• [ASSIGNMENT]
Make an exact copy of the whole listing, but leave its pictures out.

• [DATA EXCERPT]
= = = = =
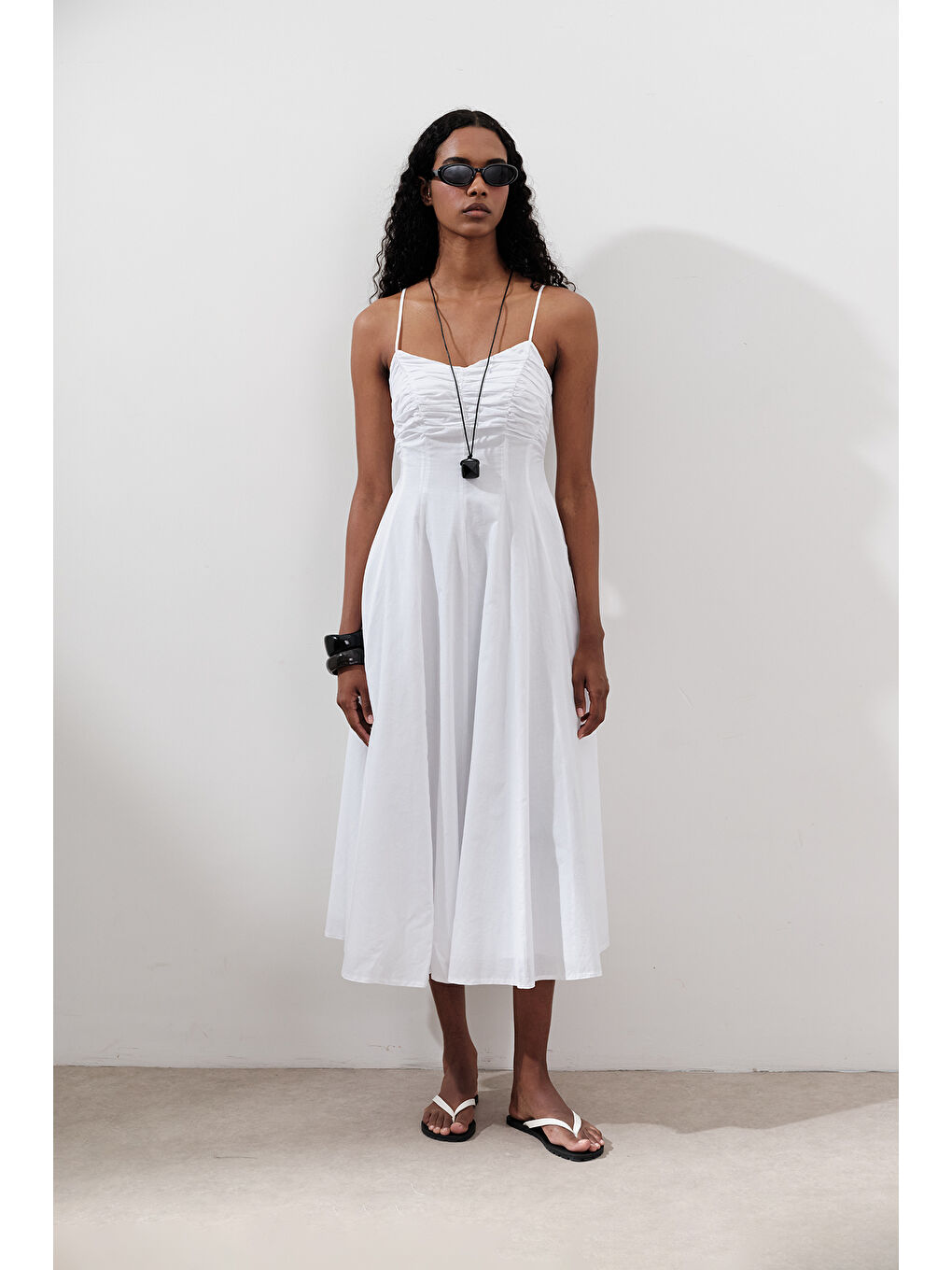 Büzgü Detaylı Askılı Elbise Ekru-3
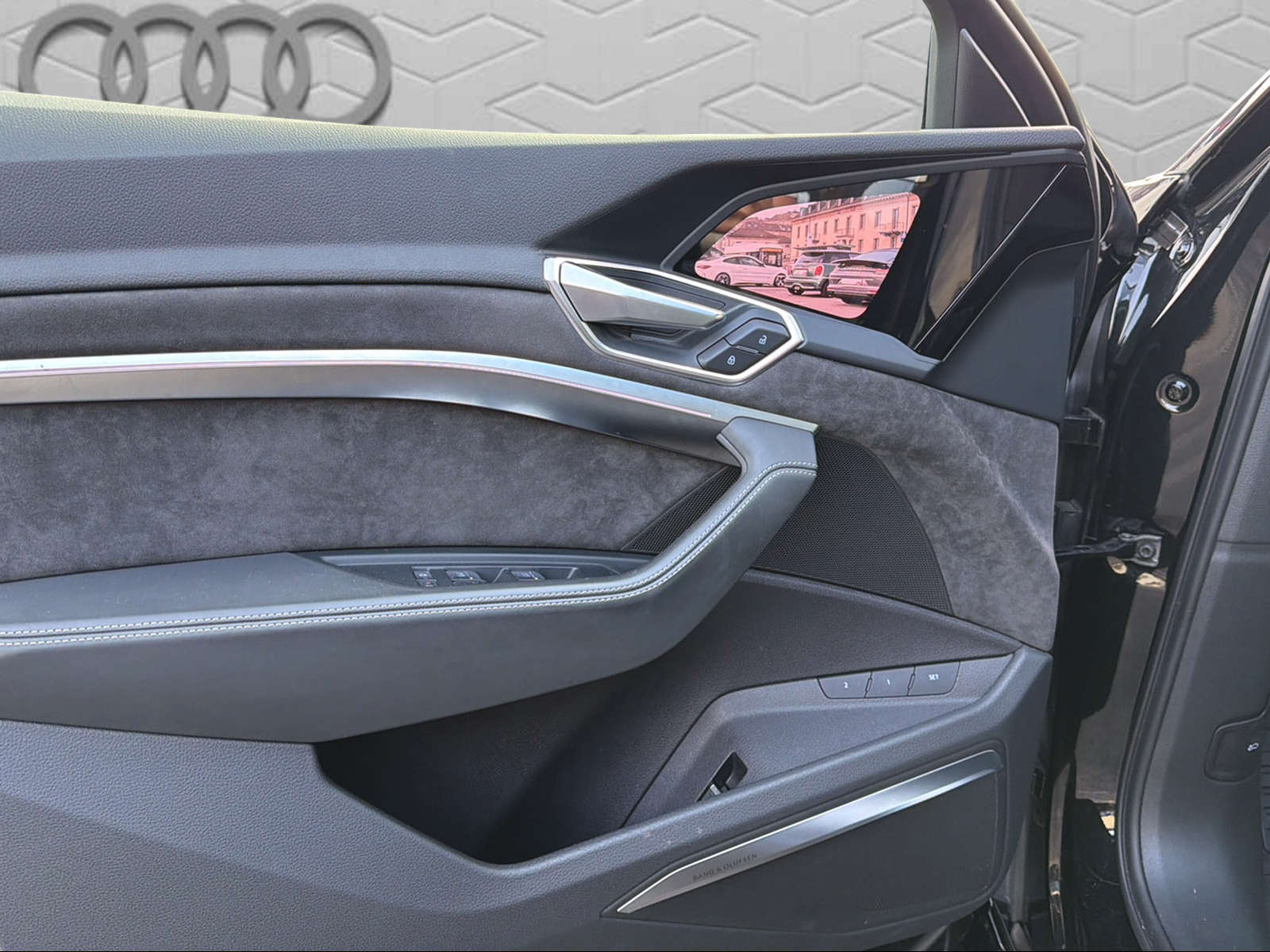 AUDI e-tron 55 Sportback S Line quattro-image-17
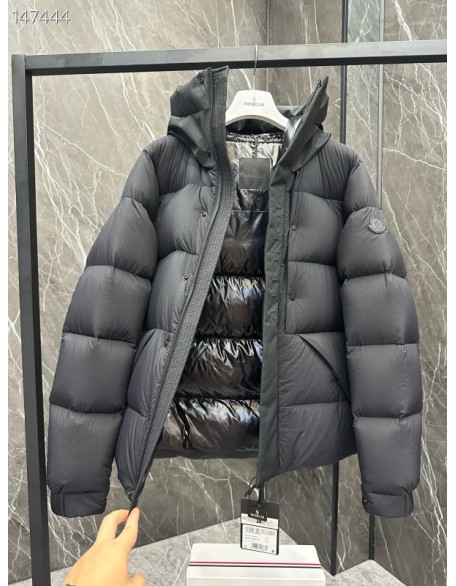 Moncler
= = = = =
• [EXERCISE OUTPUT]
 Büzgü Detaylı Askılı Elbise Ekru-3
 AUDI e-tron 55 Sportback S Line quattro-image-17
 Moncler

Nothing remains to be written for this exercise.